Mind! Do I have one?

From "Feelings" by Charles Birch


   
The basic distinction that has to be made is not primarily between mind and matter but between the objective and the subjective.

   Things are experienced either internally or externally. When we see, touch, smell, or hear something our primary experience is external. When we think about things the experience is internal. But our senses do not bring us direct knowledge. All sensory signals arrive in the brain as modulated electrical signals that must be integrated and deciphered.

   
My own consciousness is the only thing in all the universe of which I have direct knowledge. Everything other than consciousness is inferred.

   I experience the world as a world of objects through my five senses. I also experience life as inner awareness.

   Feelings are the subjective side of life. Outward events are the objective aspect.

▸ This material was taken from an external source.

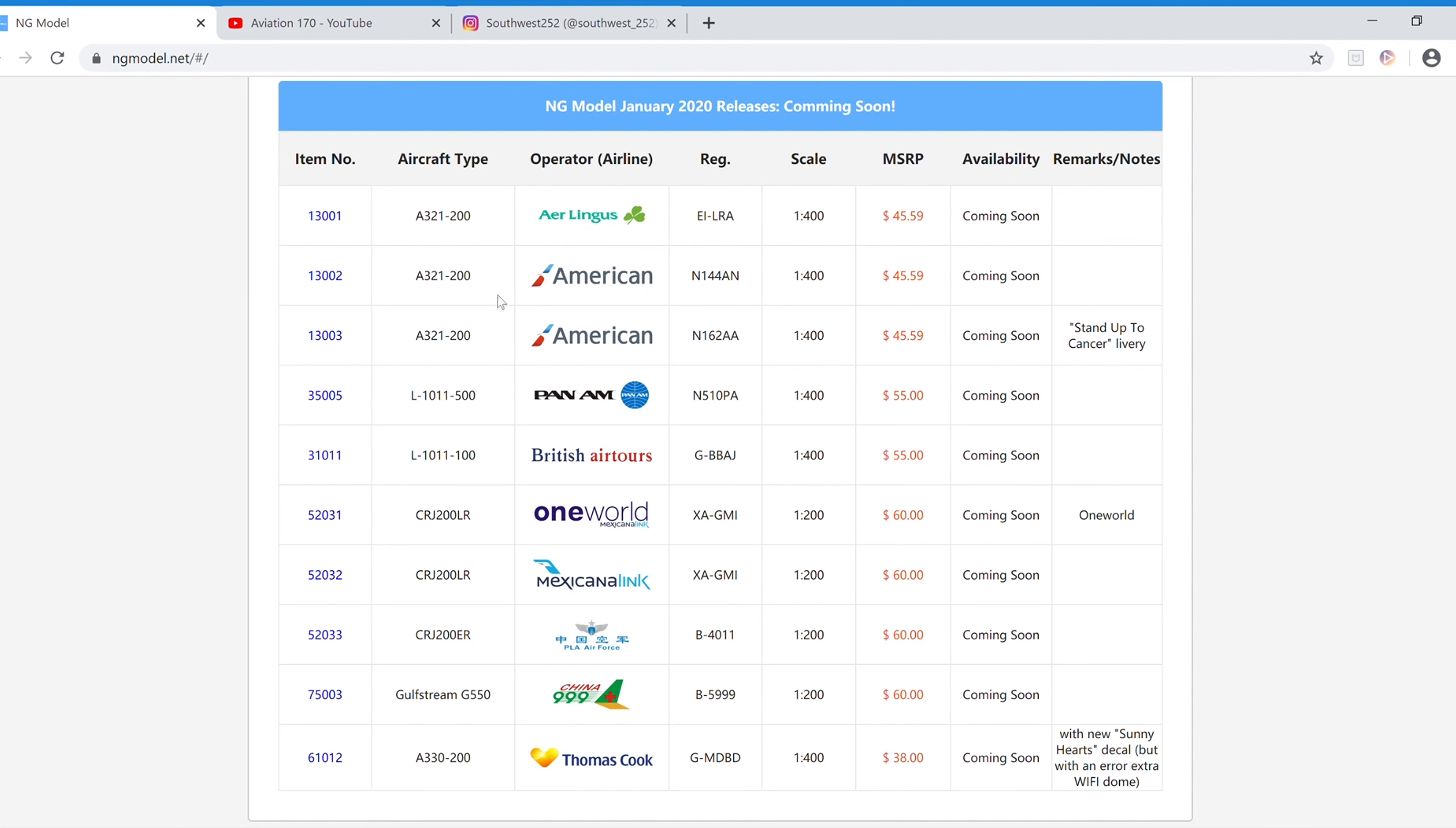And I will be pre-ordering this model and I'll also be pre-ordering this next model, which is the American A321-200. It does have Sharklets in the Stand Up To Cancer Livery. The registration is N162AA. It is $45.59 and the item number is 13003.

Can mind arise from no mind?

   The present dominant view claims that mind is something that emerges in the course of the evolution of life. It is given the name
emergentism.

   A second view is that there is no such thing as mind, all is mere matter (
physicalism or materialism).

   A third view says that, in some sense, mind is part and parcel of all the entities in the evolution of the cosmos and the evolution of life. Thus mind and matter are two aspects of the one thing (
panexperientialism).
   
The question we are really asking is what is the nature of nature? Is it a machine, or is it something other.

When did mind arise?

   When did mind arise in cosmic evolution?

Physicalism says mind is not real-- the only real things are insentient bits of matter.

Panexperientialism asks: How could that which is arise from that which is not? It says mind (in some form) and matter always existed together all the way back to the Big Bang and even beyond. It avows that mind never arises from no mind.

   The exponents of mechanism have declared that nature is not 'alive,' that not even taste, color, or odor belong to it. All that is real is the primary qualities of bits of matter to which nature can be reduced. The real world is matter in motion and nothing more. For mechanists, the machine replaces the organism as a model for understanding the nature of matter. Whitehead1 scathingly called this the, 'doctrine of vacuous actuality.'

Emergence

   The most common view held by biologists on the origin of consciousness is that it came into existence in mammals, possibly in birds, and even possibly in all animals that have a central nervous system. Some even extend the range of consciousness to protozoa because of the obvious responsiveness of these organisms to physical stimuli.

   Emergence is a common doctrine in evolutionary thinking about the origin of organs. For example, the five-toed limb is said to have emerged from fish that had no such limbs but had fins. Analogously, minds are said to have emerged from no minds. This step contains a serious flaw, a category mistake. Mind is in a quite different category from limbs, feathers, scales, etc., which are external properties knowable to sensory experience. Mind is not knowable in this way.

   There are two forms of the doctrine of emergence, a dualist and a physicalist form--one holding that once the mind emerges it is as a fully actual entity with power to affect the body, the other holding a physicalist view in which mind is without power to exert causation on the body.